Some Illinois tea party activists -- who believe the GOP has strayed from its conservative roots of fiscal restraint -- are evolving from sideline protesters to political insiders who are running for office or working for candidates who support their call for small government and a conservative agenda.
Illinois reflects one facet of the fractious movement. In other states, tea party groups are renouncing affiliations with any major party. And many activists aren't sure what they should do as the 2010 midterm election -- the first concrete test of the party's impact -- approaches.
Republican leaders in Illinois acknowledge they somehow must embrace this possibly influential group, which has become even more energized since the passage of President Barack Obama's health care overhaul.
"We need to re-establish our credentials with them, no doubt," said Illinois Republican Party chairman Pat Brady.
Any potential source of new voters or volunteers could be especially important in a Democrat-controlled state like Illinois, where Republicans hold no elected statewide offices. Tea partiers tend to be mostly Republicans, disaffected former Democrats and Libertarians, all of whom the Illinois GOP needs on its side to win in November.
Tea party membership in Illinois isn't easy to quantify because the groups mainly count the e-mail contacts they use to share information. For example, tea parties in the Chicago suburbs of Palatine and Schaumburg have about 5,000 contacts each, said Denise Cattoni, state coordinator for the Illinois Tea Party, an umbrella group of about 50 groups from around the state.

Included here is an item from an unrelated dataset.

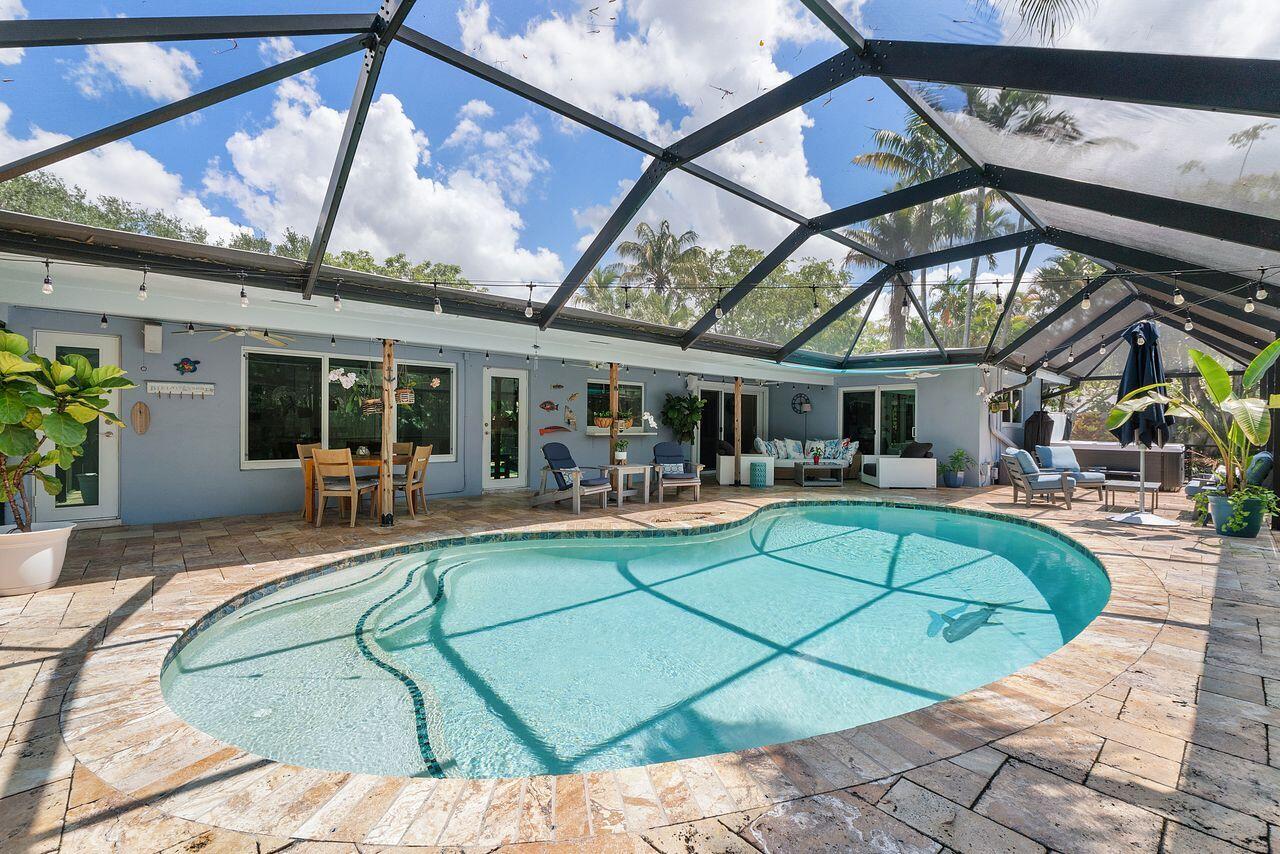 5540 Southwest 3rd Street Plantation, FL 33317 - Photo 3 of 52 5540_Sw_3rd_St_053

Even so, many wonder how much success tea parties will have in Illinois because of the state's history of electing moderate Republicans, when it's not electing Democrats. Tea party favorites in Republican primaries for Illinois governor and the U.S. Senate didn't make it through to the fall ballot.
Tea party activists, however, believe they can help bring the GOP "back around to a more conservative situation," said Springfield Tea Party coordinator Sandy Dragoo.
There's even a Web site to help would-be politicians get started. It's called the Conservative Committeeman Project.
Ralph Sprovier, a regional coordinator for the Illinois Tea Party, said the group's expectations for government are modest: "Defend us, don't spend more than we have, get the budget balanced and listen to what we say."
The tea parties are mad about ballooning federal deficits and what they see as an expansion of government through economic stimulus packages, bank bailouts and the health care overhaul.
Republicans such as Mark Kirk, the GOP nominee running for Obama's former Senate seat, are a frequent target. The conservatives see Kirk as too liberal and can't forgive him for his vote in favor of "cap and trade" legislation to limit pollution.
Brady, the state GOP chairman, says he understands the tea party anger at incumbents of both parties and wants to reach out to tea party leaders.
GOP candidates, Brady said, also need to convince tea party supporters of their commitment to being fiscal conservatives. But the party must find a way to satisfy the tea party voters without going too far or risk of alienating moderates.
Air Force reserve pilot Adam Kinzinger, the Republican running to unseat Democratic U.S. Rep. Debbie Halvorson, is among those tea partiers are supporting.
Kinzinger, 32, a former McLean County board member who has been endorsed by the National Republican Congressional Committee, is counting on tea party supporters to go door-to-door and to use their e-mail contact lists to get out the vote for him.
But Democrats say they're not worried
"The voters in the 11th District are not easily influenced by the rhetoric of fringe organizations like the tea party," said Travis Worl, Halvorson's campaign manager, in a statement.
U.S. Rep. Danny Davis, one of the state's leading Democrats, said Illinois doesn't have enough pockets of hardline conservatives for the tea party to have widespread success like it might in other states.
"I'm not at the level of any great fear at this moment," he said.